Signs of Change – Indian Schools That Are Evolving
The good news is that many Indian schools are already moving in the right direction. Some CBSE and ICSE schools now offer interdisciplinary modules, robotics clubs, entrepreneurship classes, and flexible electives. Schools adopting the Cambridge or IB curriculum are blending Indian academic strength with global practices. The National Education Policy (NEP) 2020 aims to make learning more holistic, reduce rote learning, and promote vocational training.
While these changes may take time to become widespread, they show a broader shift from content delivery to meaningful learning.
What Can Parents and Schools Do Today?
Bridging the gap doesn’t always require a complete curriculum overhaul. Often, small shifts make a big difference.
For Parents: Encourage exploration through extracurriculars, coding kits, creative writing, or debate clubs. Talk to your child about why they’re learning something, not just what. Focus on their interests, not only their grades.
For Schools: Introduce more project-based assessments and student-led learning.
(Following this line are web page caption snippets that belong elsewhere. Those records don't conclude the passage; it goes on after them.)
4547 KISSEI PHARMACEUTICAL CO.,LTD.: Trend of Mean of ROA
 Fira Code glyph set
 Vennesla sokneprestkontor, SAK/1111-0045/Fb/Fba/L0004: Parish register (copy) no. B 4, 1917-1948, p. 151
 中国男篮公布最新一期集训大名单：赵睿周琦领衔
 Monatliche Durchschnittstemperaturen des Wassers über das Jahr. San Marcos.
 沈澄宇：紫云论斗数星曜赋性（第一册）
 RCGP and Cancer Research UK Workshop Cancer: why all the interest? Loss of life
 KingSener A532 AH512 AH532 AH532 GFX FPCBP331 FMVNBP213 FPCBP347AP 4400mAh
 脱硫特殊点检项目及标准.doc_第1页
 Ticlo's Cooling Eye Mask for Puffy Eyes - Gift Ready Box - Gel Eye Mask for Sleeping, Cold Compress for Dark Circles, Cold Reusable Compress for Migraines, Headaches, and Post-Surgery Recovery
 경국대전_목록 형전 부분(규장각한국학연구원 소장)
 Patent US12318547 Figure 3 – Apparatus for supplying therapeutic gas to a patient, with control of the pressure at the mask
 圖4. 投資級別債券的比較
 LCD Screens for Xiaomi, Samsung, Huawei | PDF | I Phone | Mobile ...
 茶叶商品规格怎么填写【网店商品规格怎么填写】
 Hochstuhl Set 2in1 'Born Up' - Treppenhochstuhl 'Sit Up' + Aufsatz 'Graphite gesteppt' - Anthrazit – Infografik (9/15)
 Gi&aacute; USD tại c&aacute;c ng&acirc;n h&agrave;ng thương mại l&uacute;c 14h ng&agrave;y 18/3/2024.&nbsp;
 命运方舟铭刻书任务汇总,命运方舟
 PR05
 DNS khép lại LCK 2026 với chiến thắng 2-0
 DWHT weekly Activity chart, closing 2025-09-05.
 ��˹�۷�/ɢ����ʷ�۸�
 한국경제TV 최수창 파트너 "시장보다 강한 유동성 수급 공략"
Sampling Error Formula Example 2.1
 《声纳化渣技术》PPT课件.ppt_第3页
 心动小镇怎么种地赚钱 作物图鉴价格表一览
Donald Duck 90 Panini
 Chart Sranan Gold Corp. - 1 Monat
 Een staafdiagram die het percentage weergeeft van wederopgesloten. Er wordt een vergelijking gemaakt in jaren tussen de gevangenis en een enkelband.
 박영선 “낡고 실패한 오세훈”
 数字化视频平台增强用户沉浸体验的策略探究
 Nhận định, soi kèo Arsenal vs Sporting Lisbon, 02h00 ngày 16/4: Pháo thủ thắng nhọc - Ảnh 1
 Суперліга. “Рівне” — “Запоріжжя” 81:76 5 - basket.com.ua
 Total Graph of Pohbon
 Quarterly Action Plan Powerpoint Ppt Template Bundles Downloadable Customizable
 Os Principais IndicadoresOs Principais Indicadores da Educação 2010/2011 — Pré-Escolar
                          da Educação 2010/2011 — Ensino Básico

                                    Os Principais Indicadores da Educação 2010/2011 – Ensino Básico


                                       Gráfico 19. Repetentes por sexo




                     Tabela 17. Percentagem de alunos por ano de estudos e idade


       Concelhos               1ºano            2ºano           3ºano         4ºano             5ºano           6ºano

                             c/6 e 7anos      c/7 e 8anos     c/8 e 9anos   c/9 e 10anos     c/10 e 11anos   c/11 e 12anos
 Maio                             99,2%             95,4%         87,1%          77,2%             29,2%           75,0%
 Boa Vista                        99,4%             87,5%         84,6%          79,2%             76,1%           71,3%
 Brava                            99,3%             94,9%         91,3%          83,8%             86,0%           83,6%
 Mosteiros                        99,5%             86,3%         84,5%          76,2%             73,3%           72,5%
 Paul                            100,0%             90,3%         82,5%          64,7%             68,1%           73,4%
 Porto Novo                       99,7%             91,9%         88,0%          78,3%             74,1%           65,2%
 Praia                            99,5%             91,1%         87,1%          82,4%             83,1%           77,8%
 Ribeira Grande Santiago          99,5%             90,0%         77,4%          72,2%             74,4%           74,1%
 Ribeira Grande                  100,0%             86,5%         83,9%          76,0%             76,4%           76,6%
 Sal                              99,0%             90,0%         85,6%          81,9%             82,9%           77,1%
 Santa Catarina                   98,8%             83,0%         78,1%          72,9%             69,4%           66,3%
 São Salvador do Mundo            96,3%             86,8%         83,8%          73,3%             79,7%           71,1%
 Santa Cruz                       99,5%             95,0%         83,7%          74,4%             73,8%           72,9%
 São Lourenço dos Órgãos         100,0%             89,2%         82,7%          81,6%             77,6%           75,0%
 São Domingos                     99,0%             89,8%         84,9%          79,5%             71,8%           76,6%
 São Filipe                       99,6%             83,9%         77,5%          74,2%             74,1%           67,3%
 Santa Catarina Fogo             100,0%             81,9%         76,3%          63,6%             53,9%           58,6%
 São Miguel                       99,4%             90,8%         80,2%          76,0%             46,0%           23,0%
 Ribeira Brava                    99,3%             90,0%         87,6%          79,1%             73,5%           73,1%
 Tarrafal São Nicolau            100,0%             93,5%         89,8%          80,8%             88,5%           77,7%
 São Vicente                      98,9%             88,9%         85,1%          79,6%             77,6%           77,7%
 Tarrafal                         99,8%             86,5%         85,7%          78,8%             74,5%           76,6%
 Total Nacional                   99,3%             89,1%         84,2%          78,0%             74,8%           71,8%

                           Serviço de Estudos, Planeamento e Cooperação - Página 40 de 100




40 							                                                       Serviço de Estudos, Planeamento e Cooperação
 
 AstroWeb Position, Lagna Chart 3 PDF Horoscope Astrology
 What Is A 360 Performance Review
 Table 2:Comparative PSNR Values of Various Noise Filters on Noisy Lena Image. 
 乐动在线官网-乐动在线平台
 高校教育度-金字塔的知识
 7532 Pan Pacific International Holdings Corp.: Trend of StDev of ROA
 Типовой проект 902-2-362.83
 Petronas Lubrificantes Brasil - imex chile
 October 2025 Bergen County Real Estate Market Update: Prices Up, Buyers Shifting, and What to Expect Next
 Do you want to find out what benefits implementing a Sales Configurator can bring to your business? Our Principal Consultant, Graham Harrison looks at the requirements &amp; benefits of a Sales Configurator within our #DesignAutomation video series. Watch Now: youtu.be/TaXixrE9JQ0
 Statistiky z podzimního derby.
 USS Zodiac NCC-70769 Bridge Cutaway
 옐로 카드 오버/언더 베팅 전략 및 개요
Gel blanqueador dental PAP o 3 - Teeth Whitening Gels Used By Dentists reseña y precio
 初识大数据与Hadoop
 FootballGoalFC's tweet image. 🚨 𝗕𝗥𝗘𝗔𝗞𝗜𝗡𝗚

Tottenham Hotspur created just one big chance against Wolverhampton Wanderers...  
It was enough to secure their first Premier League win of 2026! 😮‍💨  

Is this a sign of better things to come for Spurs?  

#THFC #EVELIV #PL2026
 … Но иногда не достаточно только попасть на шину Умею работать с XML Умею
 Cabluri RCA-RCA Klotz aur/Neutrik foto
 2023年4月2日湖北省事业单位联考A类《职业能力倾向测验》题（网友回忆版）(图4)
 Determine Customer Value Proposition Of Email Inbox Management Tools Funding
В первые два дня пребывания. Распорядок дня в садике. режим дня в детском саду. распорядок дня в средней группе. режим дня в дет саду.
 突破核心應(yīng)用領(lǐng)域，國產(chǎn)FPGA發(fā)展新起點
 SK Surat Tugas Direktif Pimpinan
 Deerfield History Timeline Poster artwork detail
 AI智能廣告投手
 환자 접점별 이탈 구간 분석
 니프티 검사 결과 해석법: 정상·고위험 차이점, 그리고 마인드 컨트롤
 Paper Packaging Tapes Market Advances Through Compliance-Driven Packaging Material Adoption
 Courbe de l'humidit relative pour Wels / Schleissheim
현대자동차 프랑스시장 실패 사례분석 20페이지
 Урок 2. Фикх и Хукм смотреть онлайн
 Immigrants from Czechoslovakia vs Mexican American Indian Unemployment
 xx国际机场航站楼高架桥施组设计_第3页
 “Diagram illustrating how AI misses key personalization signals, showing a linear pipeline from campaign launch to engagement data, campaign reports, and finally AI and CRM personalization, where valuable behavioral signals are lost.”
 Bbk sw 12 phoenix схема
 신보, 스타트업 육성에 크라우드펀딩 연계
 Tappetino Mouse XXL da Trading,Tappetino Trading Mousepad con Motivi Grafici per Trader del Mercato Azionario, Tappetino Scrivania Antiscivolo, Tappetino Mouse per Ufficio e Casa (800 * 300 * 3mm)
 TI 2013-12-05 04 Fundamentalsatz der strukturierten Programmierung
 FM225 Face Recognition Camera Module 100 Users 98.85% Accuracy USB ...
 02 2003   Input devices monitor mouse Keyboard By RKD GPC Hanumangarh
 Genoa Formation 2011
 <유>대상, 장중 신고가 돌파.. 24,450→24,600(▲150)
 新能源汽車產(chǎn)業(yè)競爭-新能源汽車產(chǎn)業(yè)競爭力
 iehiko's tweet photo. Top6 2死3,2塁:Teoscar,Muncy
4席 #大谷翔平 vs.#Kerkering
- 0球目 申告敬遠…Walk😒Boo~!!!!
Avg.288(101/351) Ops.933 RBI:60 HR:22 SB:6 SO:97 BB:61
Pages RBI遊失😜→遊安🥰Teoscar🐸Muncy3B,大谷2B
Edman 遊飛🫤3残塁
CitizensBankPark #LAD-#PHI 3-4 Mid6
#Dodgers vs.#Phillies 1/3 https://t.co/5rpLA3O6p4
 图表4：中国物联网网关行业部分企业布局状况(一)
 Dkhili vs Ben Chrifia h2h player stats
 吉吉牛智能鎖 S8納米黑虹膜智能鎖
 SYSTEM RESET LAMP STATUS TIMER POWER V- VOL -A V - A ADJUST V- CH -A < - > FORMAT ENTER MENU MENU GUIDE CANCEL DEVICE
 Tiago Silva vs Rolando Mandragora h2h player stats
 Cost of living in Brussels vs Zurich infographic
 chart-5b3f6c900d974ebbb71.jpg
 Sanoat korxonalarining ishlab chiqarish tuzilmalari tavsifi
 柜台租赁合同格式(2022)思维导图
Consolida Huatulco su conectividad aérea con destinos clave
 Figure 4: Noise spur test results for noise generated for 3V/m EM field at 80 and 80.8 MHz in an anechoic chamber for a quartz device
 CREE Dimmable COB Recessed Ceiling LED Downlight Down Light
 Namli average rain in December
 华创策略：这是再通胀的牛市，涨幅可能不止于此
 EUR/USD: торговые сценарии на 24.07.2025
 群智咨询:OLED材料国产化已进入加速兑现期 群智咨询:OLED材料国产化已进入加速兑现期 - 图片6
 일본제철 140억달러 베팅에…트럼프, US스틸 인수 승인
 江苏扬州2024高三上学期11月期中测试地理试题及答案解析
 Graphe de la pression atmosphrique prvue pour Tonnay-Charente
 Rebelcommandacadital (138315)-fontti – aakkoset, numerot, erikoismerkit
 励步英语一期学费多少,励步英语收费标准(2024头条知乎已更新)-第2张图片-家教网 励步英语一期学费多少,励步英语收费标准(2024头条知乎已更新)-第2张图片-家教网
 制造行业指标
Offer flexibility where possible, even within board structures. Celebrate different kinds of intelligence, not just academic performance.
The Way Forward – Practical Dreams, Theoretical Roots
My daughter is only six months old today. She’s still learning to sit up, to smile, to grab things with her tiny hands. But in a few short years, she’ll be walking into her first classroom.
I hope that the classroom welcomes her curiosity. I hope it lets her ask questions, make things, and explore ideas, not just memorize answers. I hope it gives her the best of both worlds: the depth of theory and the thrill of application.
As a parent, I know I can’t control everything. But I can speak up, stay involved, and support the kind of learning that feels joyful and relevant.
Because when the time comes, I want her to love learning, not just survive it.